George R. Reis from DVD Drive-In gave the film a positive review, writing, "In the hands of most filmmakers of the time, such a gender-bending theme would call for maximum exploitation tactics, but not with Hammer. Clemens' script doesn't take itself too seriously, yet justly fuses the legends of Stevenson's titular character with Jack the Ripper and the graverobbers Burke and Hare". Reis commended the film's performances and Baker's direction. Variety called the film "highly imaginative", further writing, "Director Roy Ward Baker has set a good pace, built tension nicely and played it straight so that all seems credible. He tops chills and gruesome murders with quite a lot of subtle fun.
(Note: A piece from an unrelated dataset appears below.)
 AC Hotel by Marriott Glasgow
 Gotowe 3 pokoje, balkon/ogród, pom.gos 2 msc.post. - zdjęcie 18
Bates and Beswick, strong, attractive personalities, bear a strange resemblance to each other making the transitions entirely believable." John Higgins of Starburst awarded the film 8/10 stars, praising Beswick's performance and the script.
===Accolades===

| Year | Award / Film Festival | Category | Recipient(s) | Result |
|---|---|---|---|---|
| 1973 | 2nd French Fantastic Cinema Convention | Best Screenplay | Brian Clemens | Won |

==Home media==
The film was first released on DVD in 2001 by Anchor Bay as part of The Hammer Collection in the U.S. and has since been released on DVD in other territories. The film was released on Blu-ray in 2018.